Brasiliens Präsidentin Dilma Rousseff gibt sich erstaunlich gelassen ob des Hasses, der ihr entgegenschlägt. Sie hat gelernt zu kämpfen, während der Militärdiktatur wurde sie gefoltert. Seit 2011 im Amt und 2014 wiedergewählt haben ein Korruptionsskandal und eine tiefe Rezession ihre Umfragewerte abstürzen lassen. Seit Wochen ist sie nur mit dem Kampf gegen die Amtsenthebung beschäftigt.

Wenig Volksnähe

Sie verweist darauf, dass unter der Ägide der linken Arbeiterpartei seit 2003 rund 40 Millionen Menschen aus der Armut geholt worden seien und sieht in Sozialtransfers auch aktive Wirtschaftspolitik, da der soziale Aufstieg neue Käuferschichten und mehr Konsum beschere.

Sie hat weniger Volksnähe und Charisma als ihr Vorgänger Luiz Inacio Lula da Silva.

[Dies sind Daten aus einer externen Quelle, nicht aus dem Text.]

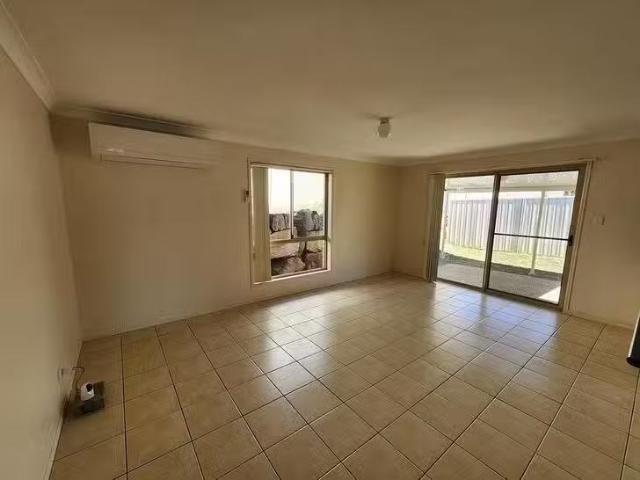 Cheap 12 Katie Way, Raceview, QLD 4305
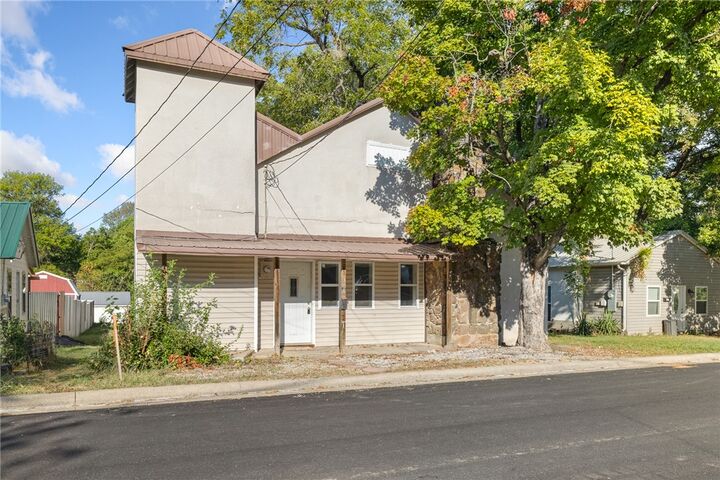 Property Photo:  308 Shaver Street  AR 72616 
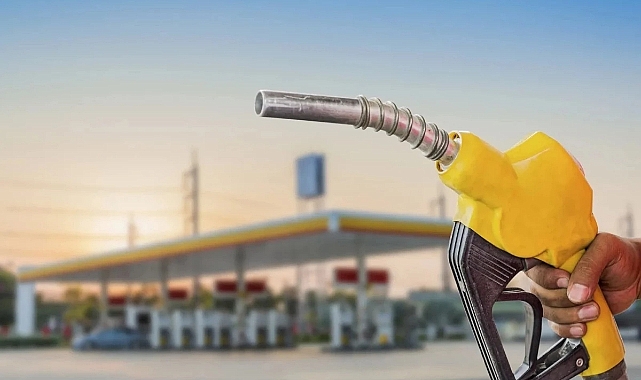 BENZİNE İNDİRİM YAPILDI MI? Benzine indirim mi yapıldı, ne kadar indirim yapıldı?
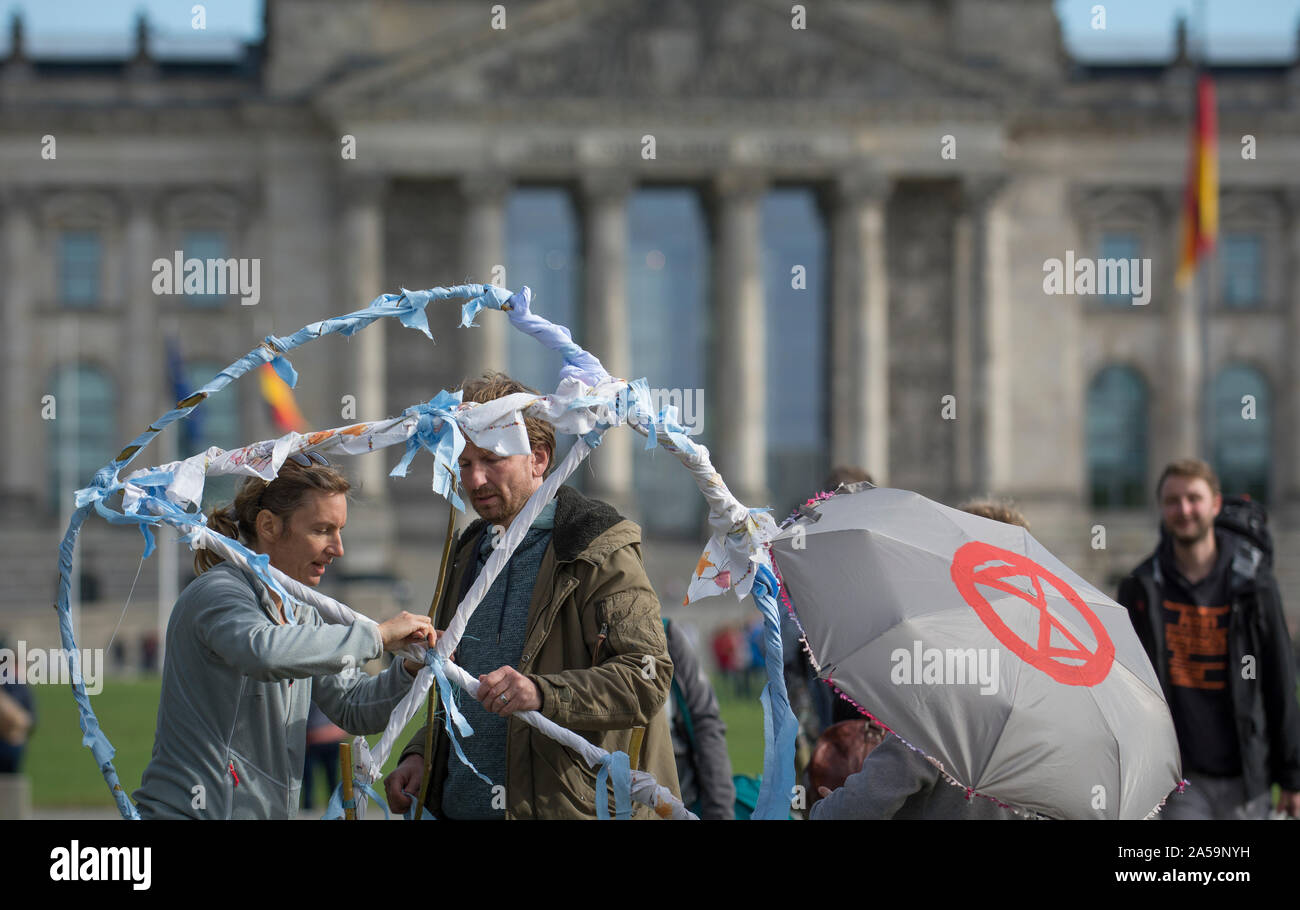 Extinction Rebellion Germany set up their Climate Camp near the Chancellors Office ourside the Reichstag in Berlin, Germany. Stock Photo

In seiner Amtszeit wuchs die Wirtschaft kräftig, auch dank der sprudelnden Öleinnahmen, sie hatte zuletzt mit weit schwierigeren Rahmenbedingungen zu kämpfen – und hatte wenig Fortune.

Eine Kämpferin

Lula wollte sie wegen seiner weiterhin guten Kontakte und zur Stärkung ihrer Regierung zum Kabinettschef machen, aber ein Bundesrichter stoppte das wegen Korruptionsermittlungen gegen Lula – Rousseff haftet seither der Ruf an, ihn mit der Berufung nur vor der Justiz schützen zu wollen, was die Ablehnung zu ihr verschärfte. Durch den Verlust der meisten Koalitionspartner kann sie aber kaum noch etwas durchsetzen – und meidet die größere Öffentlichkeit.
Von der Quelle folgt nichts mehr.